There are a number of common `dumb' implementations for the two loops

	for (i = 100; --i > 0;)	/* loop 1 */
		x += i;

and

	for (i = 99; i; i--)	/* loop 2 */
		x += i;

and they all depend on the compiler's and machine's characteristics.
(Note: for the discussion below I have assumed that `i' goes in a
machine register.  If not, the picture becomes even more complicated,
as the loops then depend on which ALU operations, if any, are permitted
on memory operands.)

Most currently-popular machines can be placed in exactly one of these
two categories: `has condition codes' or `does not have condition
codes'.  The former can be further divided into `has condition codes
that are or can be set on arithemtic operations such as decrement' and
`has condition codes that can only be set by test instructions'.  The
latter can be divided into `has branch on positive instruction' and
`requires comparison against register'.

(I am deliberately leaving modern RISCs out of the first part of this
article.)

On the condition-code machines, the first loop tends to compile to one of:

	# cc machine, compiler leaves test at top
		mov	$100, r0	# i = 100
	loop:
		dec	r0		# decrement and set condition codes
		jle	end		# exit loop if i <= 0
		<code>			# x += i, or whatever
		jmp	loop		# continue loop
	end:
	[3 instructions overhead]

or:

		mov	$100, r0
	loop:
		dec	r0		# decrement but do not set cc's
		tst	r0		# set cc's
		jle	end
		<code>
		jmp	loop
	end:
	[4 instructions overhead]

or:

	# cc machine, compiler copies test to bottom
		mov	$100, r0
		dec	r0
		# optional: tst r0
		jle	end
	loop:
		<code>
		dec	r0
		# optional: tst r0
		jgt	loop
	end:
	[2 or 3 instructions overhead]

Thus, the loop itself contains either three or four `overhead' instructions
if the compiler does not copy the test to the bottom, but only two or three
if it does.  If the compiler is smarter, it also notices that i=100,--i
gives i=99, which is > 0, which means the top `jle' is unnecessary and
the `mov $100, r0; dec r0' sequence can be simplified to `mov $99, r0'.

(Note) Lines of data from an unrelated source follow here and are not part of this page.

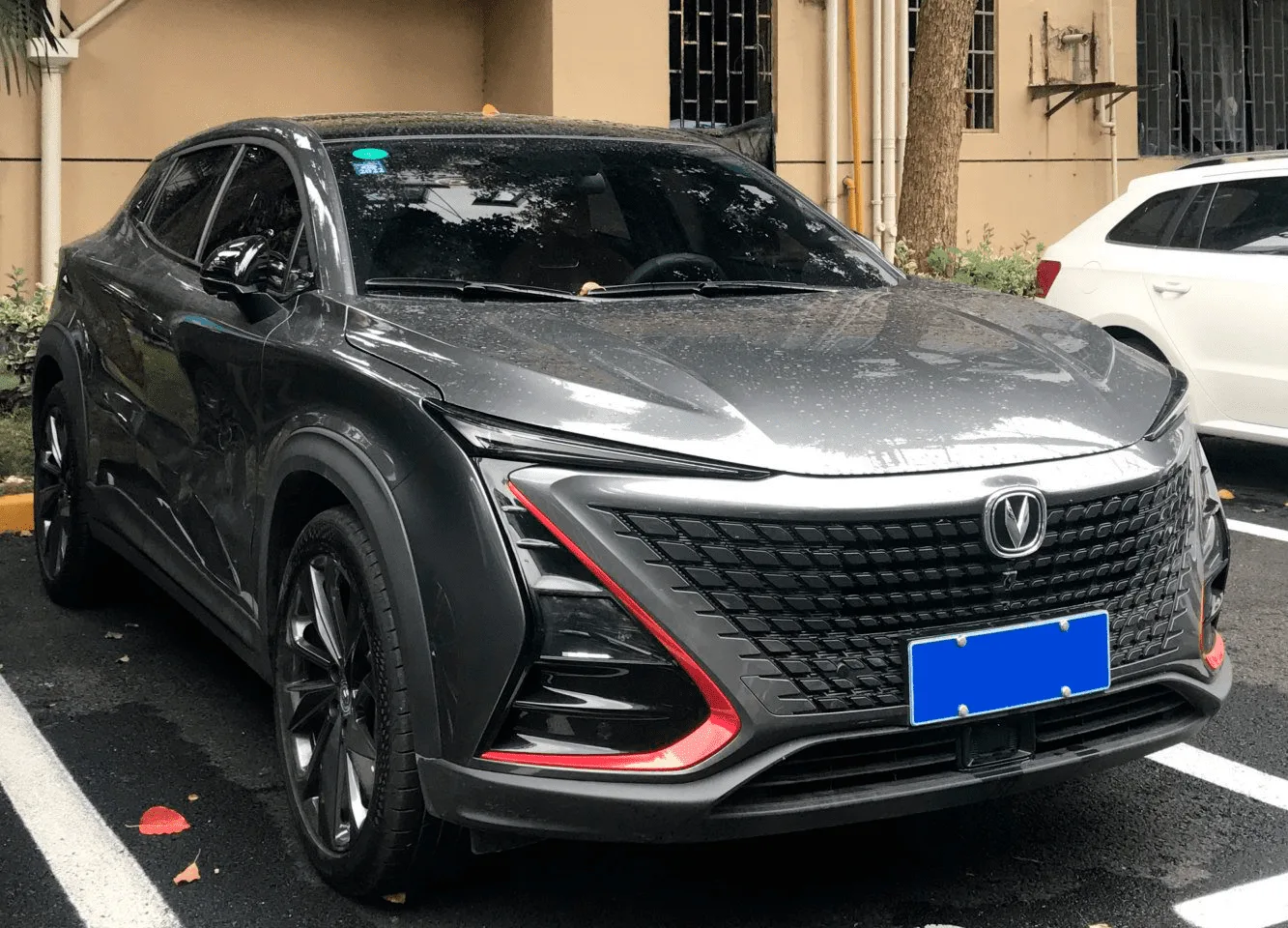 Changan Uni T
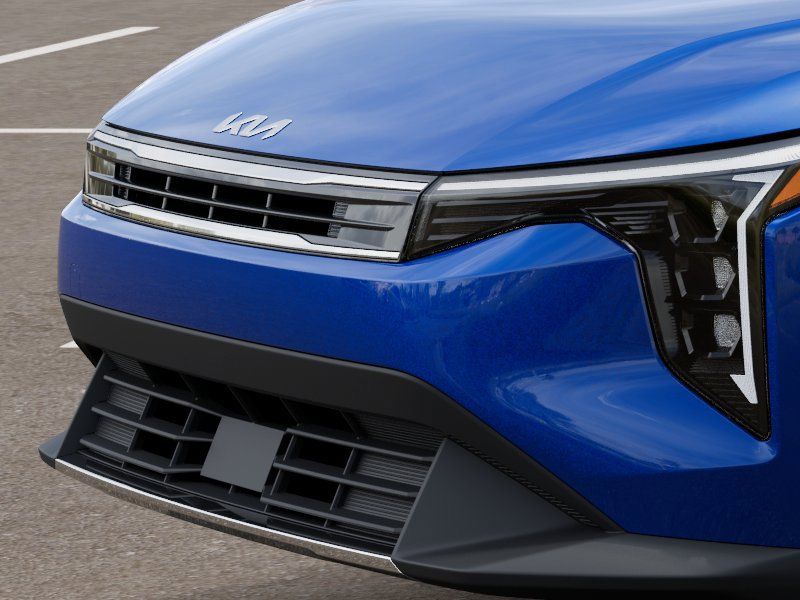 new 2026 Kia K4 car, priced at $22,610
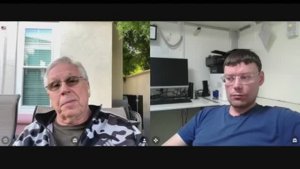 Одессит из Калифорнии (02.04.2025) @OBovsyom59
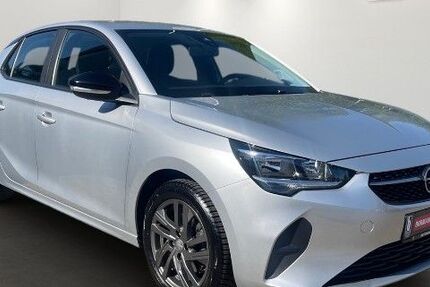 Opel Corsa 47.220 km 12.590 &euro; Wolfenbüttel-Halchter 38304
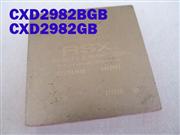 Original RSX GPU CXD2982BGB / XD2982GB IC for Playstation 3 PS3 (Pulled)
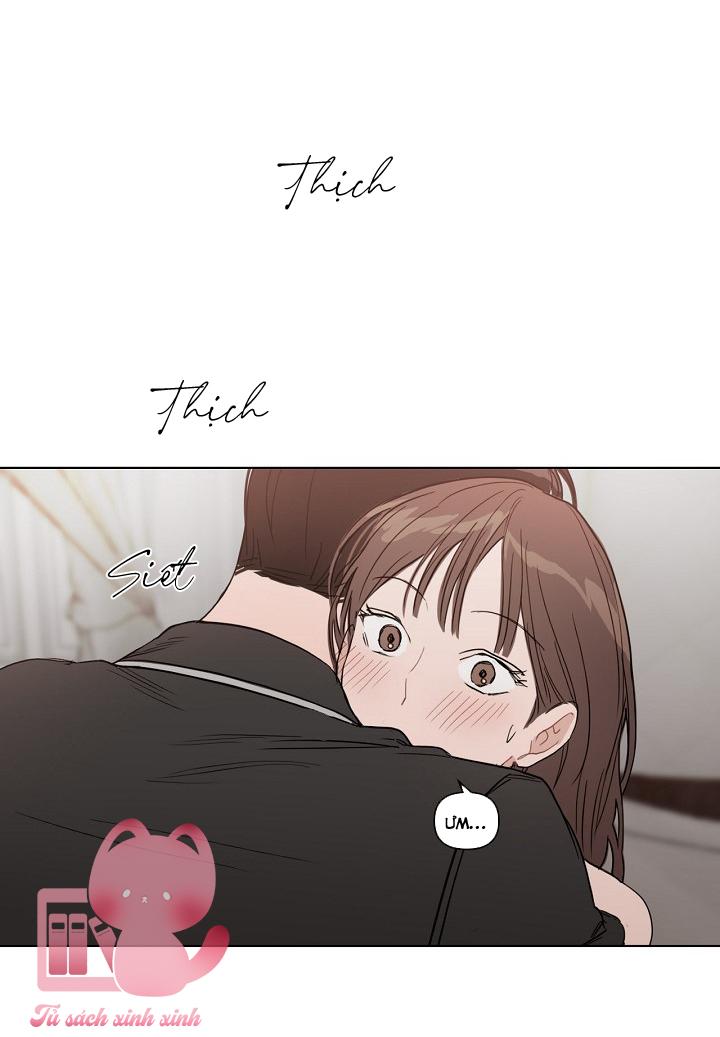 Baby Đến Rồi - Chap 37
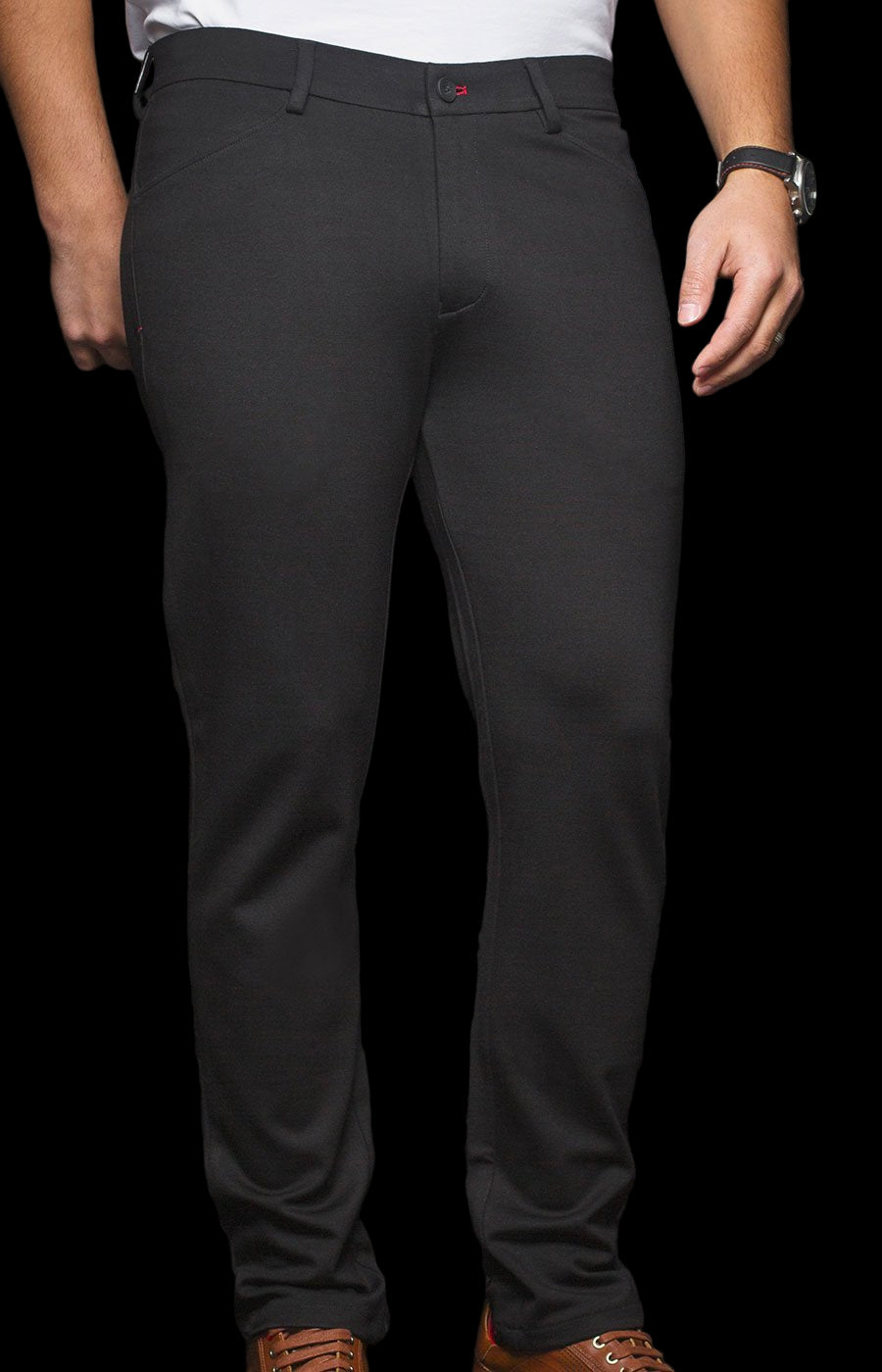 Magnum, black - AUNOIR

	# non-cc, branch on 0-compare; test left at top
		mov	$100, r0
	loop:
		dec	r0
		jle	r0, end		# jump if r0 <= 0
		<code>
		jmp	loop
	end:
	[3 instructions overhead]

or:

	# non-cc, branch on reg-compare; test left at top
		mov	$100, r0
		mov	$0, r1
	loop:
		dec	r0
		jle	r0, r1, end	# jump if r0 <= r1
		<code>
		jmp	loop
	end:
	[3 instructions overhead]

or (if the compiler is seriously stupid):

		mov	$100, r0
	loop:
		dec	r0
		mov	$0, r1
		jle	r0, r1, end
		<code>
		jmp	loop
	end:
	[4 instructions overhead]

or:

	# non-cc, branch on 0 compare; test copied to bottom:
		mov	$100, r0
		dec	r0
		jle	r0, end
	loop:
		<code>
		dec	r0
		jgt	r0, loop
	[2 instructions overhead]
	end:

or the same with the `mov $0, r1' added and the branches changed to
`jxx r0, r1, end|loop' [3 instructions overhead].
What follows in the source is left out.